And (3) an efficiency MAP (MAP) making method for calculating an inter-shaft torque distribution coefficient according to the motor efficiency. Since the operating efficiency of the electric machine directly affects the economy of the vehicle, the operating efficiency of the electric machine is different at different torques and rotational speeds. The principle of front and rear axle torque distribution according to motor efficiency is that under the condition of ensuring that the required torque is met, the output torque of the front and rear axle motors is adjusted, so that the working points of the front and rear axle motors fall in the efficient working area of the motors as far as possible, the sum of the total working efficiency of the two motors is optimal, and the economical efficiency of the vehicle is ensured. The principle of the motor efficiency distribution is shown in the following formula 3.

In the formula T_fRepresenting front axle motor output torque, Nm. T is_reqRepresenting the total driver demanded torque, Nm. T is_rRepresenting rear axle motor output torque, Nm. i represents an interaxial torque distribution coefficient. N represents the motor speed, r/min. P_f，P_rRespectively, the output power, kw, of the front and rear axis motors. Eta_f，η_rRespectively showing the working efficiency of the front and rear shaft motors.
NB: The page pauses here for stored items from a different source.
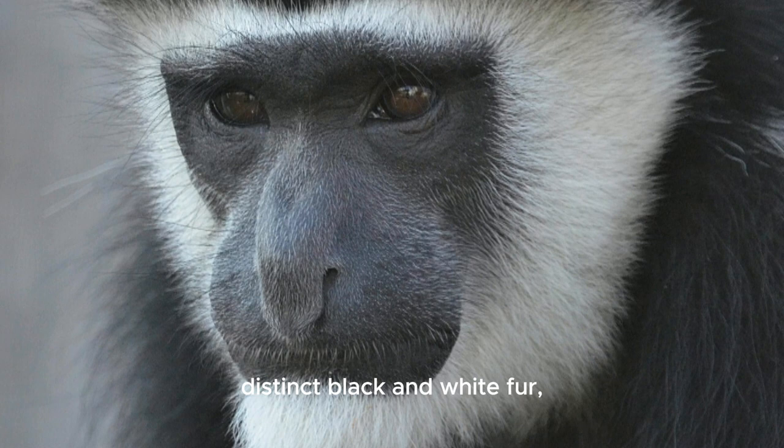Colobus monkeys are known for their distinct black and white fur, creating a monochrome pattern. They are arboreal, spending much of their time in trees and using their long tails for balance.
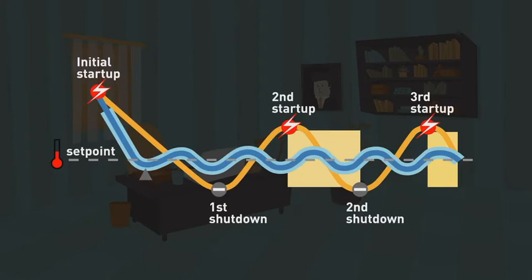We're able to achieve high efficiency cooling and heat pump operation by introducing variable speed motors and pumps into the system.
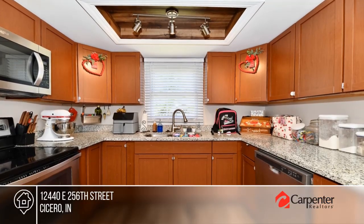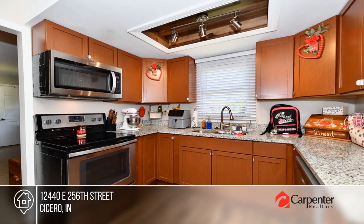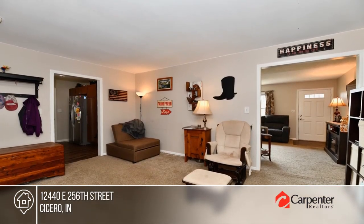Immerse yourself in the allure of this ranch style gem. It offers extensive updates from a remodel just three years ago. A family room with wood-burning fireplace and three bedrooms. The generous half-acre lot boasts a fenced backyard and no HOA restrictions.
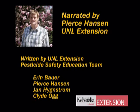I'm Pierce Hanson with the University of Nebraska-Lincoln Extension. See you next time.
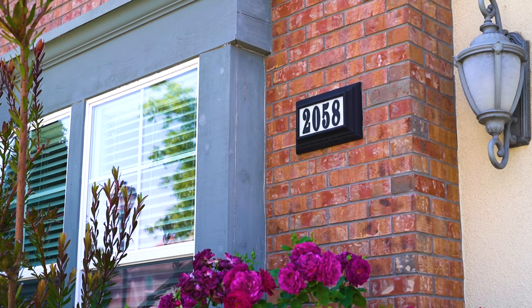Hey everybody, it's Andrew Ucana and today I'm very excited to show you my newest listing, 2058 Lemonwood Court in the prestigious Gale Ranch community of San Ramon.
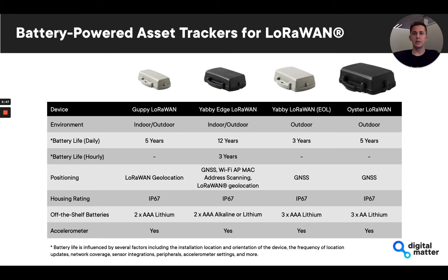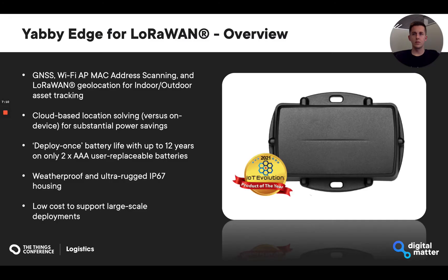Digital Matter has great LoRaWAN experience, and we've engineered a number of innovative, low-cost, and low-power battery-powered asset tracking solutions over the years, offered in several form factors depending on each unique use case. The YabbyEdge LoRaWAN is the latest entry in our battery-powered asset tracking solution catalog, and flips the standard design approach of an onboard GPS solving solution to use an ultra-low-power GNSS and Wi-Fi scanner. This results in significantly improved device battery life, but the trade-off is the requirement for cloud-based location solving. More on the cloud solving solution later.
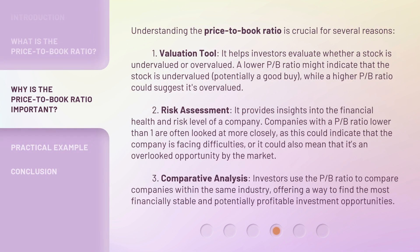Understanding the Price-to-Book Ratio is crucial for several reasons. First, as a Valuation Tool, it helps investors evaluate whether a stock is undervalued or overvalued. A lower P/B ratio might indicate that the stock is undervalued — potentially a good buy — while a higher P/B ratio could suggest it's overvalued. Second, for Risk Assessment, it provides insights into the financial health and risk level of a company. Companies with a P/B ratio lower than one are often looked at more closely, as this could indicate that the company is facing difficulties, or it could also mean it's an overlooked opportunity by the market. Third, for Comparative Analysis, investors use the P/B ratio to compare companies within the same industry, offering a way to find the most financially stable and potentially profitable investment opportunities.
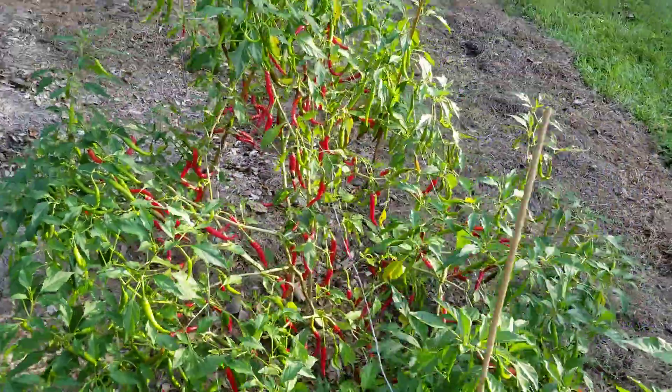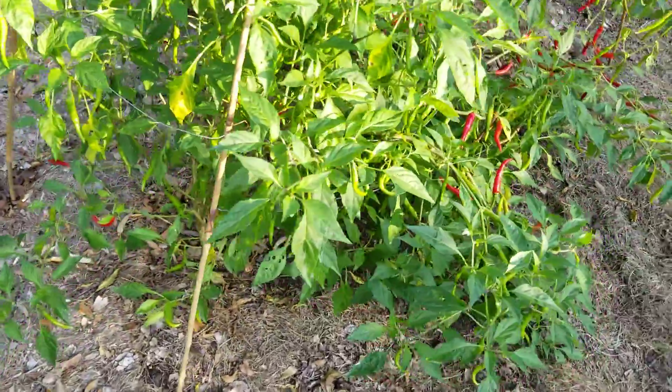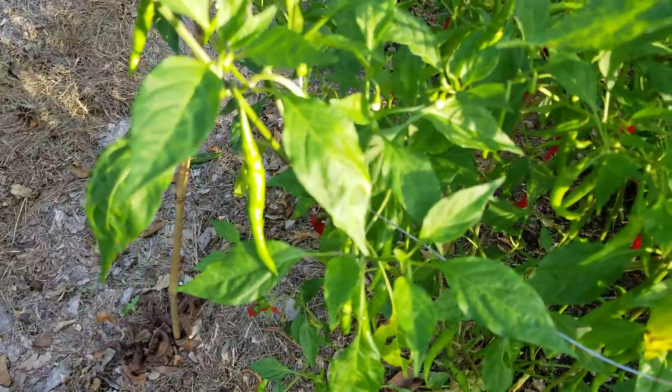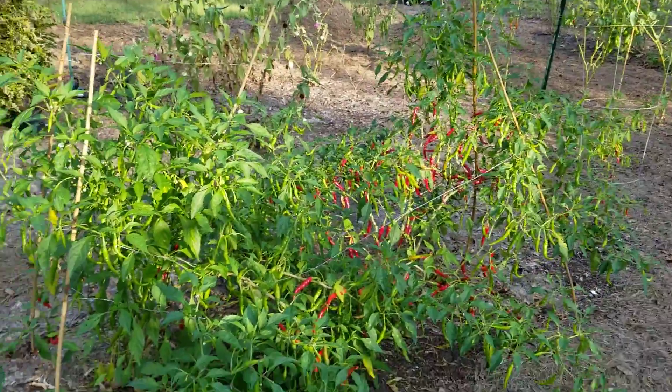That's the one I didn't pick the other day, and this is the one that I did pick. You can see it still has a lot of new peppers coming on it. Let's see how many peppers we get.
P_reqRepresenting the total output power, kw, of the front and rear axle motors.

In the off-line calibration process of the efficiency MAP, in order to avoid the back-and-forth jumping of the distribution coefficients of the front and rear shaft motors, the invention introduces the constraint condition of tolerance. The tolerance constraint is defined as follows:

wherein tolerance represents a tolerance threshold value in an off-line calibration process, P_{req_best}Which represents the total output power corresponding to the optimal distribution coefficient at a certain operating point. P_{req_T}Representing the total output power with certain tolerance constraints. That is, the distribution coefficient is considered to be optimal when the total output power of the front and rear motors meets a certain tolerance.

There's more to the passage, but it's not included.